PROVO — A new exhibit documenting the history of the area surrounding the new Provo City Center Temple reveals the first views of the new rooms in the renovated building.
Available at history.lds.org, the exhibit features the transformation of gathering places in downtown Provo from pioneer days to the present. The photos show the way the new rooms incorporate designs from the original craftsmen and artists who worked on the Provo Tabernacle.
Construction on the tabernacle began in 1882 and was finally dedicated 16 years later. The building hosted religious and community events for more than 125 years, including LDS General Conference in 1886 and 1887, a visit from President William Howard Taft in 1909 and a performance by composer Sergei Rachmaninoff in 1938.
The building was destroyed by fire in 2010 and later rebuilt to serve as a temple for the Church of Jesus Christ of Latter-day Saints. The soon-to-open Provo City Center Temple will be the 16th Mormon temple in Utah and the second in Provo.
As many as 80 stained-glass windows survived the fire, according to lds.org. Motifs in the salvaged windows and in wall stenciling discovered during the clean up from the fire inspired the new designs in the woodwork and windows of the temple.
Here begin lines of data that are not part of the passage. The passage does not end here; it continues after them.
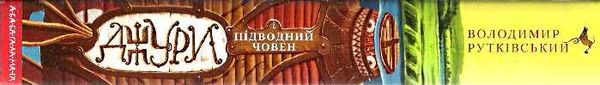 джури і підводний човен роман третя книга тетралогії Ціна (цена) 260.00грн. | придбати  купити (купить) джури і підводний човен роман третя книга тетралогії доставка по Украине, купить книгу, детские игрушки, компакт диски 5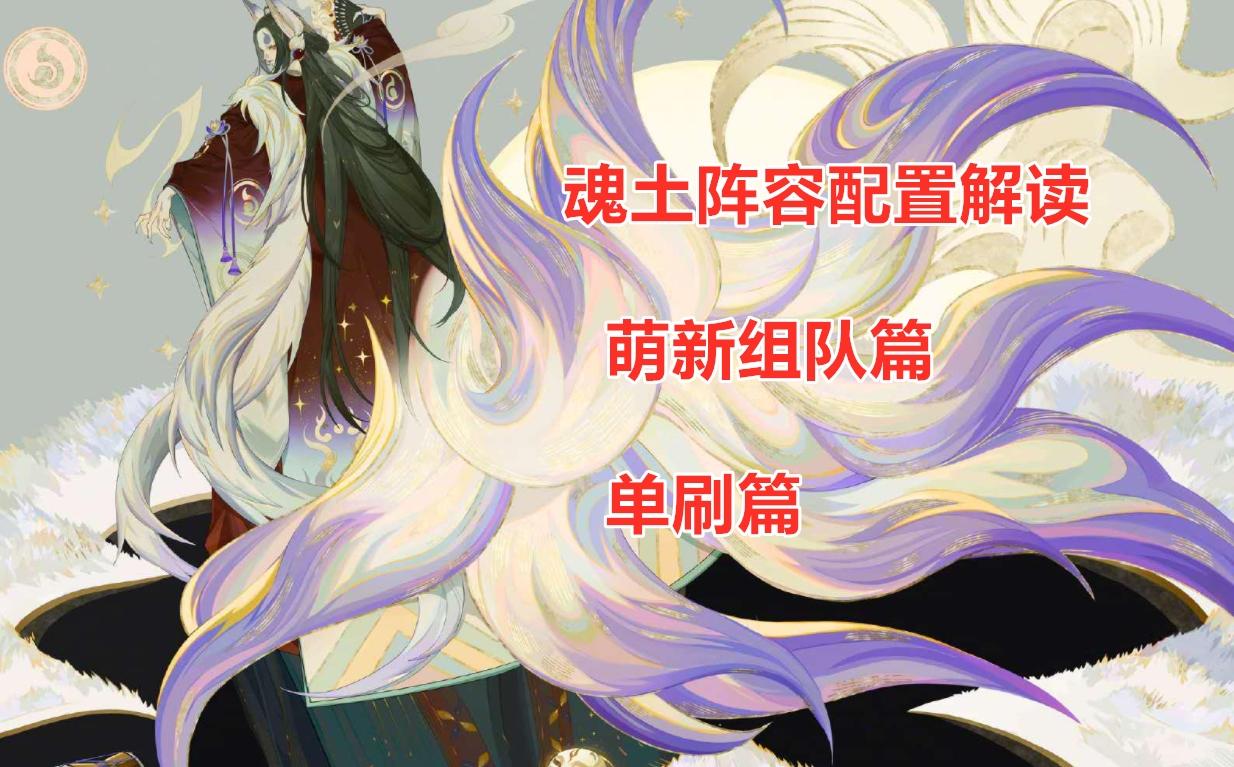 阴阳师魂土是什么（阴阳师18秒魂土阵容推荐攻略）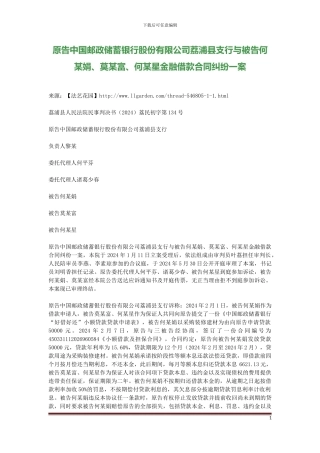 原告中国邮政储蓄银行股份有限公司荔浦县支行与被告何某娟、莫某富、何某星金融借款合同纠纷一案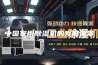 中国家用除湿机的发展前景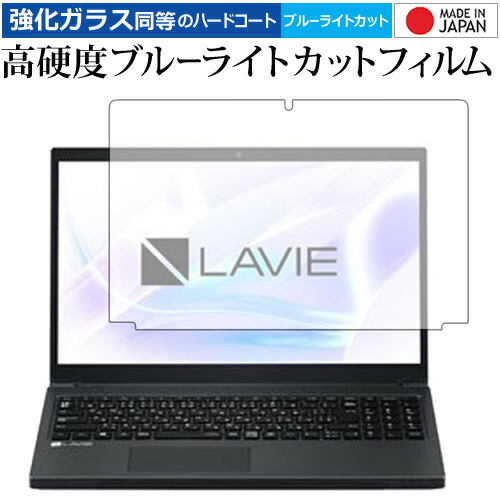LAVIE Note NEXT NX750JAシリーズ / NEC 専用 強化 ガラスフィルム と 同等の 高硬度9H ブルーライトカット クリア光沢 液晶保護フィルム メール便送料無料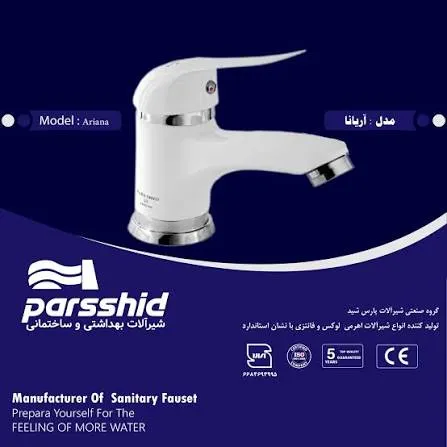 بررسی شیرآلات استاندارد و غیر استاندارد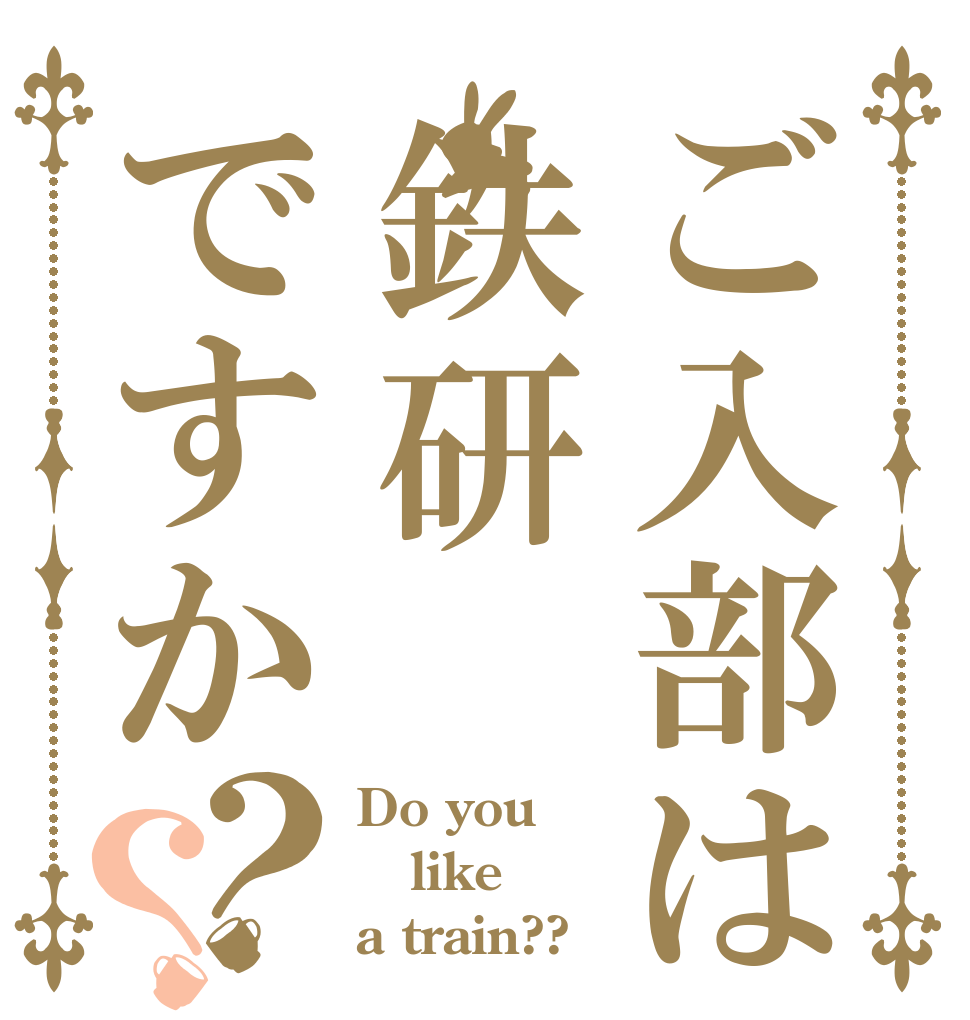 ご入部は鉄研ですか？？ Do you like a train??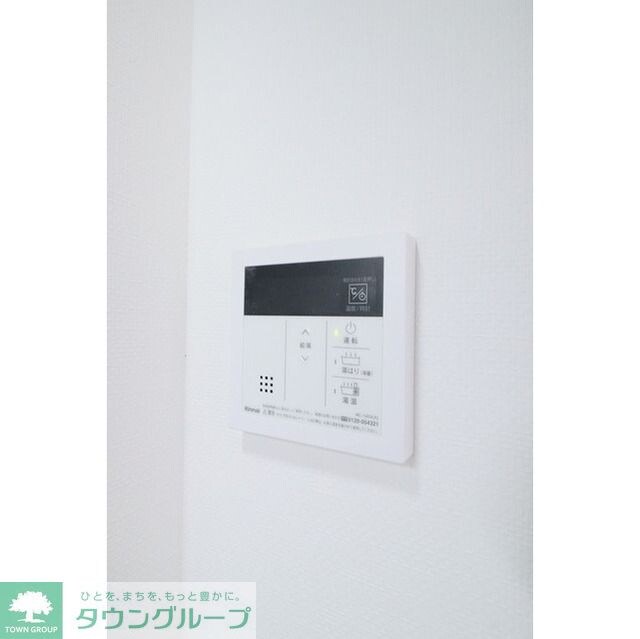 オープンブルーム王子の物件内観写真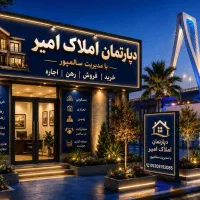 فروش 2 طبقه مجزا کلید اول بلوار یادمانها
The free open house tours of the temple begin Friday, January 15, and go through Saturday, March 5, 2016. Tours will run every day except for Sundays.
Tickets are required for the open house and are available at lds.org. Due to high demand, tickets are being released incrementally and none are currently available. However, more more tickets will be made available through the registration system in the coming days, according to lds.org.
A cultural celebration will take place on Saturday, March 19.
The temple will be dedicated in three sessions on Sunday, March 20, 2016: at 9:00 a.m., 12:00 p.m., and 3:00 p.m. and will be broadcast to Utah LDS meetinghouses.